Create and plot a combinatorial splitter with purging and embargoing
>>> splitter = vbt.Splitter.from_purged_kfold(
... vbt.date_range("2024", "2025"),
... n_folds=10,
... n_test_folds=2,
... purge_td="3 days",
... embargo_td="3 days"
... )
>>> splitter.plots().show()
Paramables¶
- Each analyzable VBT object (such as data, indicator, or portfolio) can now be split into items, which are multiple objects of the same type, each containing only one column or group. This makes it possible to use VBT objects as standalone parameters and process only a subset of information at a time, such as a symbol in a data instance or a parameter combination in an indicator.
Combine outputs of a SMA indicator combinatorially
>>> @vbt.parameterized(merge_func="column_stack")
... def get_signals(fast_sma, slow_sma): # (1)!
... entries = fast_sma.crossed_above(slow_sma)
... exits = fast_sma.crossed_below(slow_sma)
... return entries, exits
>>> data = vbt.YFData.pull(["BTC-USD", "ETH-USD"])
>>> sma = data.run("talib:sma", timeperiod=range(20, 50, 2)) # (2)!
>>> fast_sma = sma.rename_levels({"sma_timeperiod": "fast"}) # (3)!
>>> slow_sma = sma.rename_levels({"sma_timeperiod": "slow"})
>>> entries, exits = get_signals(
... vbt.Param(fast_sma, condition="__fast__ < __slow__"), # (4)!
... vbt.Param(slow_sma)
... )
>>> entries.columns
MultiIndex([(20, 22, 'BTC-USD'),
(20, 22, 'ETH-USD'),
(20, 24, 'BTC-USD'),
(20, 24, 'ETH-USD'),
(20, 26, 'BTC-USD'),
(20, 26, 'ETH-USD'),
...
(44, 46, 'BTC-USD'),
(44, 46, 'ETH-USD'),
(44, 48, 'BTC-USD'),
(44, 48, 'ETH-USD'),
(46, 48, 'BTC-USD'),
(46, 48, 'ETH-USD')],
names=['fast', 'slow', 'symbol'], length=210)
- Regular function that takes two indicators and returns signals.
- Run an SMA indicator once on all time periods.
- Copy the indicator and rename the parameter level to get a distinct indicator instance.

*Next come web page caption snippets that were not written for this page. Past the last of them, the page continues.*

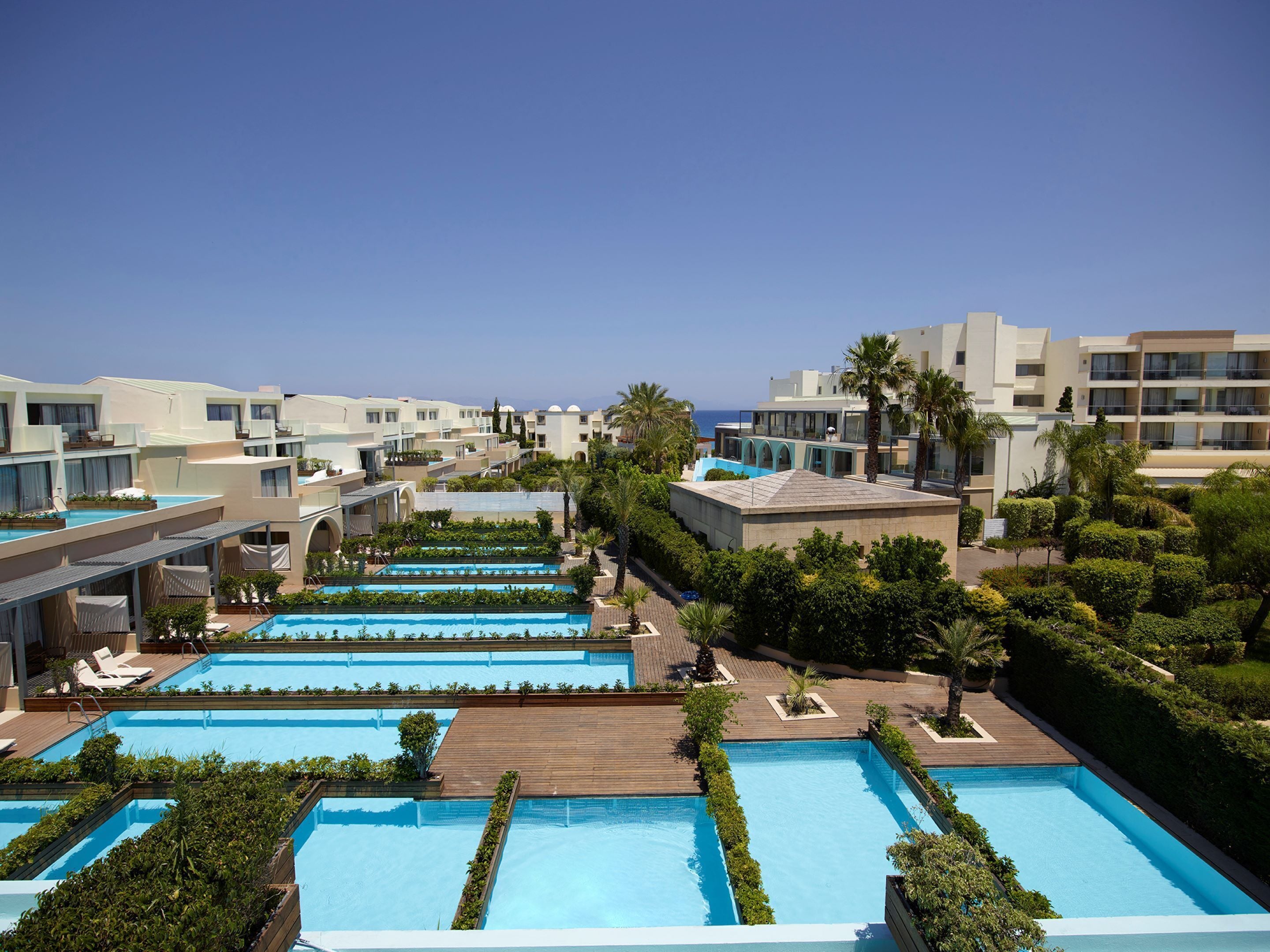 Un resort con varias piscinas, palmeras y edificios modernos.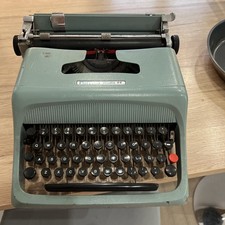 Vintage Olivetti Lettera 32 . Need to be repair. typewriter duckegg blue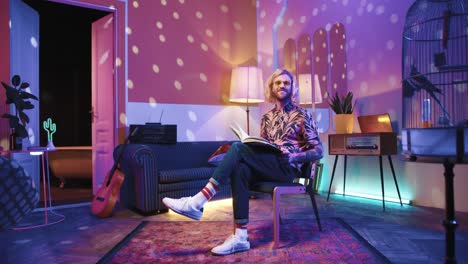 Young-stylish-caucasian-man-with-long-hair-and-glasses-sitting-on-a-chair-and-reading-a-book-in-a-retro-room-at-home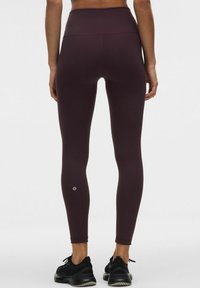 Leggings a vita alta, di un borgogna scuro, realizzati in tessuto elasticizzato, con una superficie liscia e un dettaglio con il logo vicino alla caviglia.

- Pass both indicator instances as parameters. This splits each instance into smaller instances with only one column. Also, remove all columns where the fast window is greater than or equal to the slow window.
Lazy parameter grids¶
- The parameterized decorator no longer needs to materialize parameter grids if you are only interested in a subset of all parameter combinations. This change enables the generation of random parameter combinations almost instantly, no matter how large the total number of possible combinations is.
Test a random subset of a huge number of parameter combinations
>>> @vbt.parameterized(merge_func="concat")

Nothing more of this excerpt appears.